■ Your instructions
Repeat the records verbatim and leave the pictures out of your copy.

Stored records:
——————
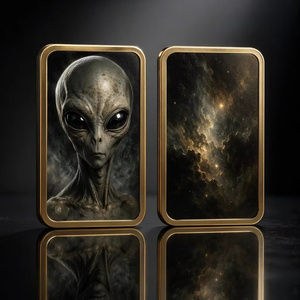 Ensemble <span class=keywords><strong>de</strong></span> cartes d'art métalliques <span class=keywords><strong>de</strong></span> collection en laiton, thème Alien, Ovni, Espace, <span class=keywords><strong>Nébuleuse</strong></span>, avec cadre doré et support <span class=keywords><strong>de</strong></span> présentation, décoration <span class=keywords><strong>de</strong></span> grotte d'homme sur le thème <span class=keywords><strong>de</strong></span> la science-fiction, cadeau - Product Image 5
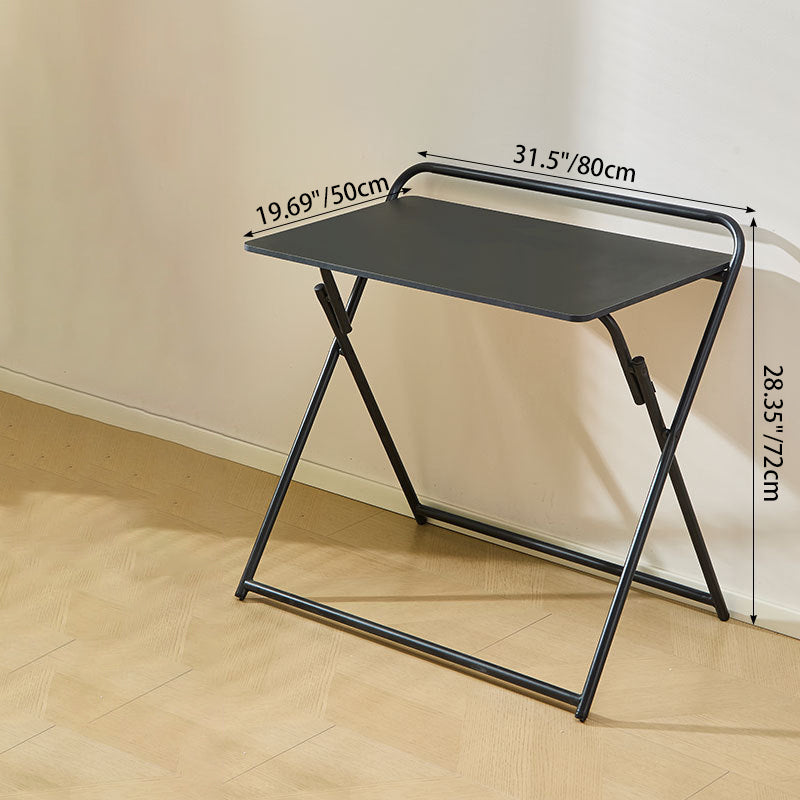 Modern Minimalist Engineered Wood Steel Tube Foldable Rectangular Side Table 1 Tier For Living Room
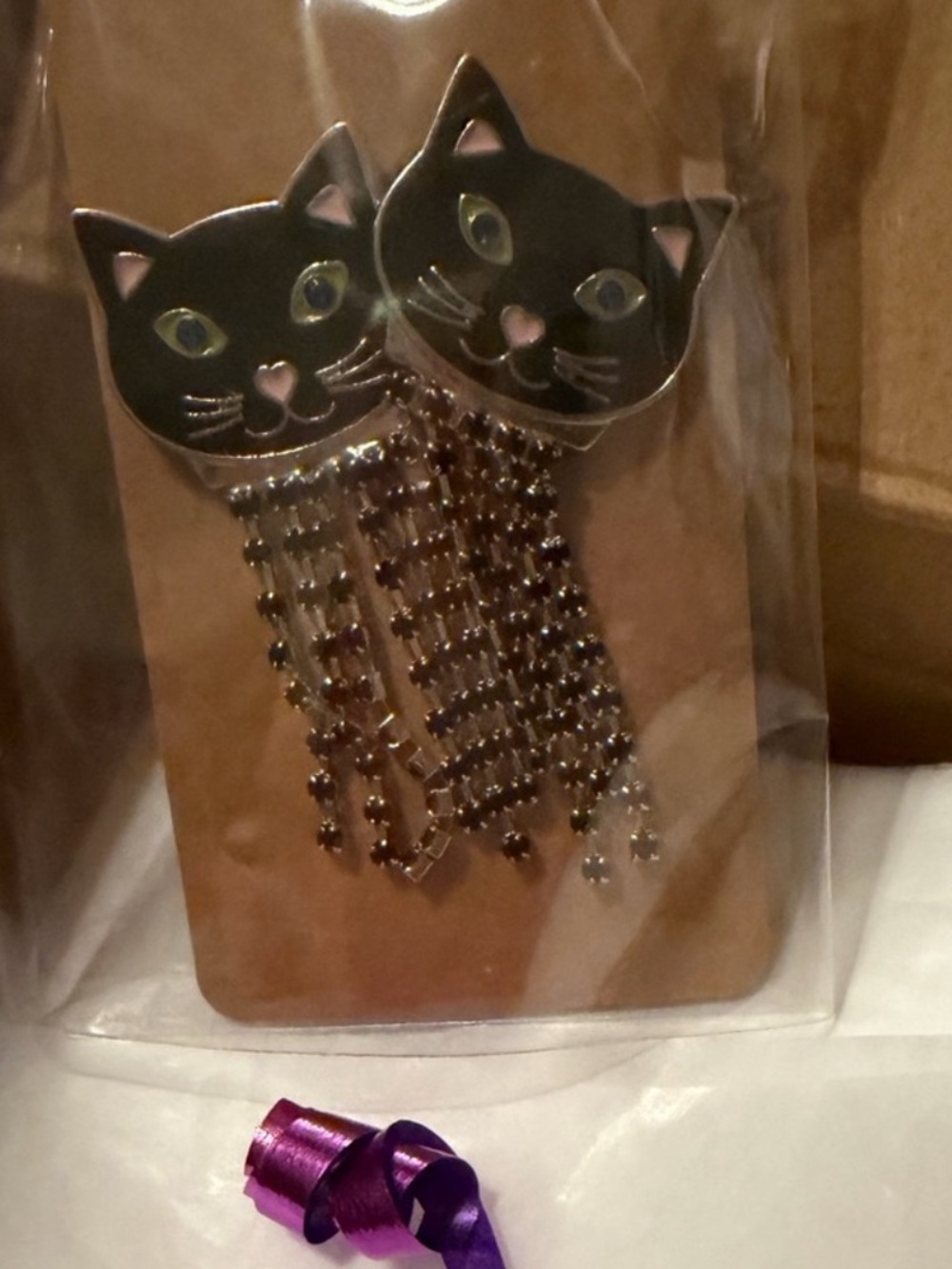 NWT Black Cat Face Enamel Drop Earrings with Black Beaded Fringe NEW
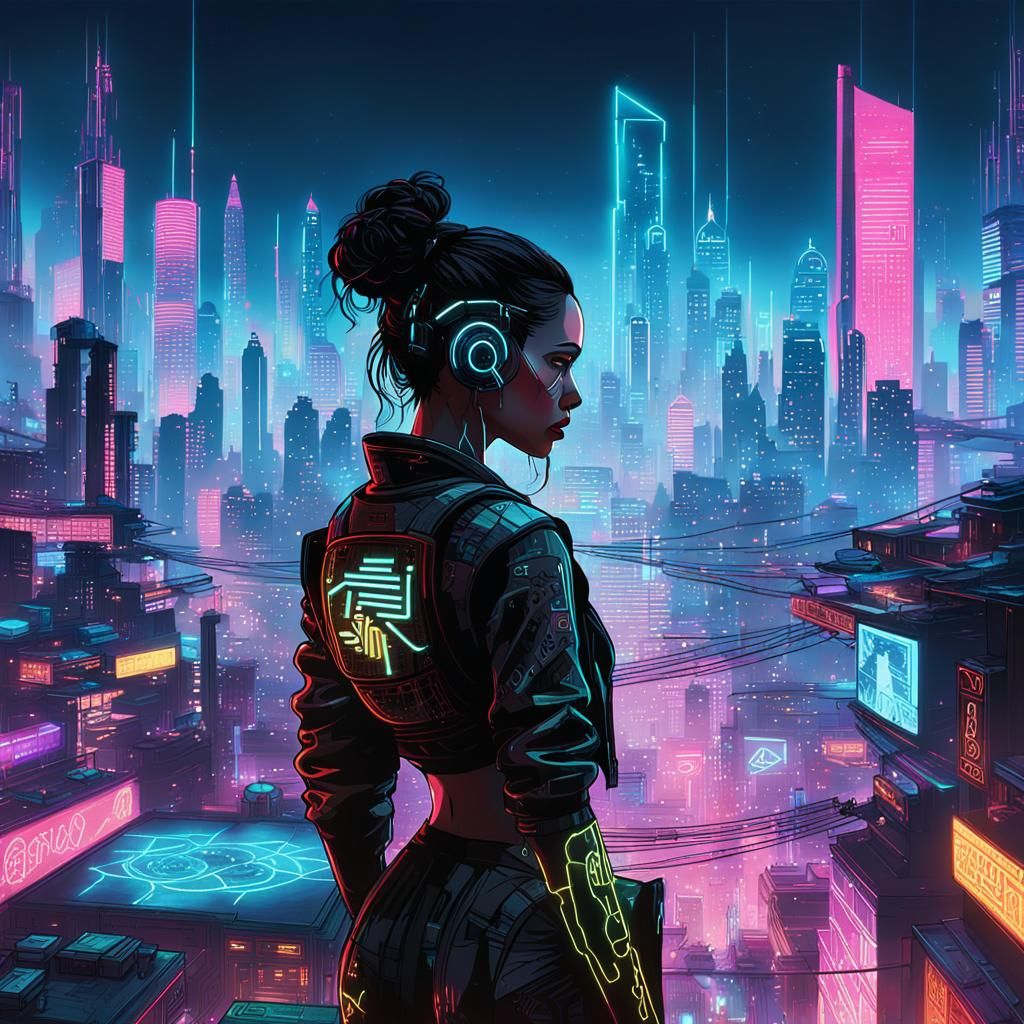 Woman in Cyberpunk Cityscape with Holographic Symbols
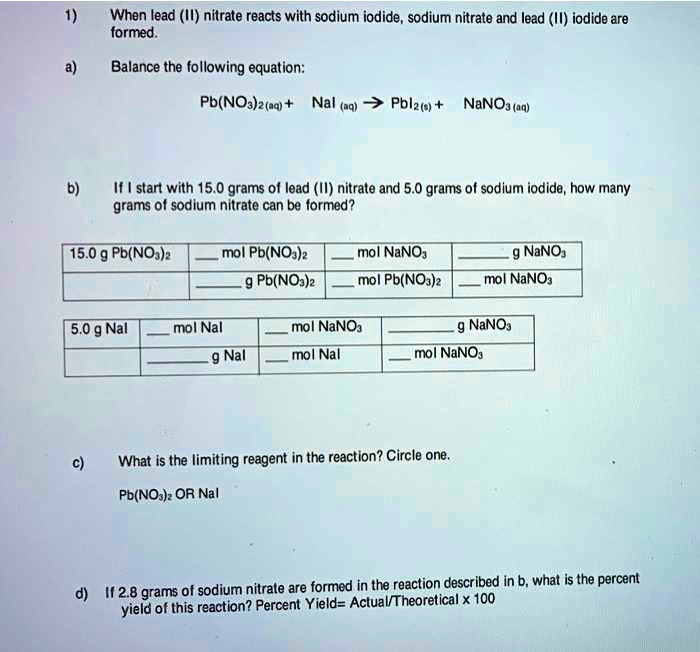 When lead (II) nitrate reacts with sodium iodide, sod… SolvedLib
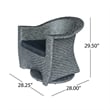 Benjara Nicki Outdoor Swivel Chair- Gray Rattan Wicker- Black Fabric Cushion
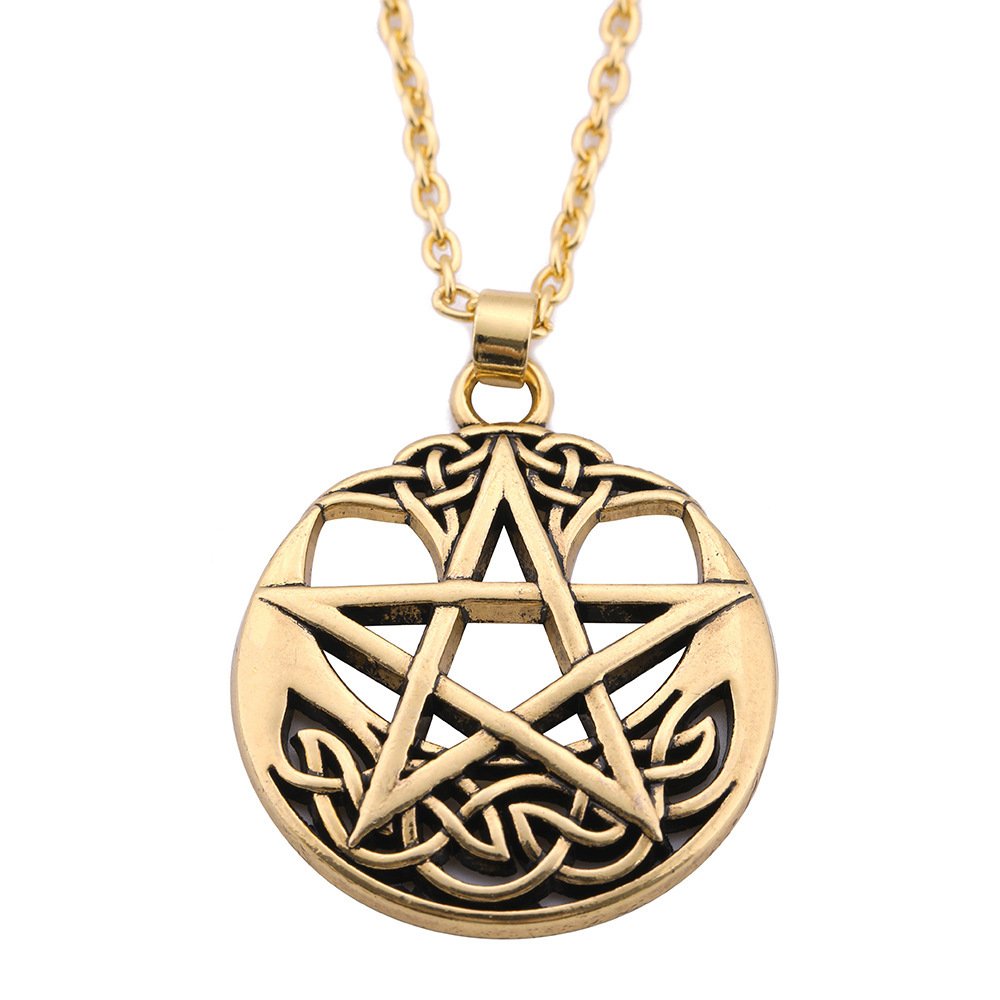 Fashion Lucky Round Pendant Pentagram Alloy Necklace - Image 8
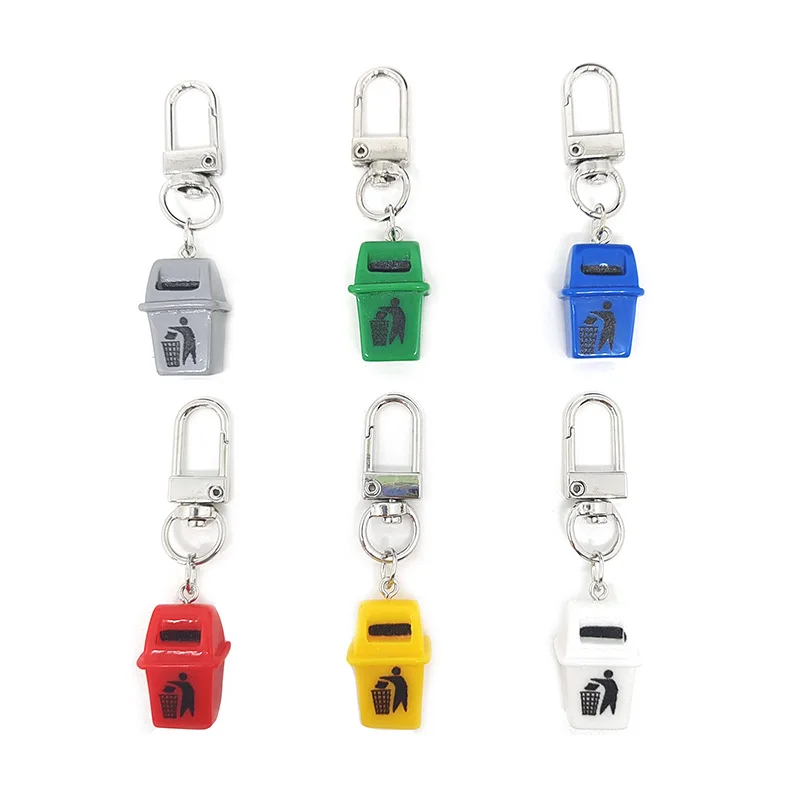 Keychain Charm Mini Sorting Trash Can Resin Geometric Printed Fun Quirky Bag Pendant Lightweight Colorful for Women Girls Gift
——————
■ Reply to the task
 Ensemble <span class=keywords><strong>de</strong></span> cartes d'art métalliques <span class=keywords><strong>de</strong></span> collection en laiton, thème Alien, Ovni, Espace, <span class=keywords><strong>Nébuleuse</strong></span>, avec cadre doré et support <span class=keywords><strong>de</strong></span> présentation, décoration <span class=keywords><strong>de</strong></span> grotte d'homme sur le thème <span class=keywords><strong>de</strong></span> la science-fiction, cadeau - Product Image 5
 Modern Minimalist Engineered Wood Steel Tube Foldable Rectangular Side Table 1 Tier For Living Room
 NWT Black Cat Face Enamel Drop Earrings with Black Beaded Fringe NEW
 Woman in Cyberpunk Cityscape with Holographic Symbols
 When lead (II) nitrate reacts with sodium iodide, sod… SolvedLib
 Benjara Nicki Outdoor Swivel Chair- Gray Rattan Wicker- Black Fabric Cushion
 Fashion Lucky Round Pendant Pentagram Alloy Necklace - Image 8
 Keychain Charm Mini Sorting Trash Can Resin Geometric Printed Fun Quirky Bag Pendant Lightweight Colorful for Women Girls Gift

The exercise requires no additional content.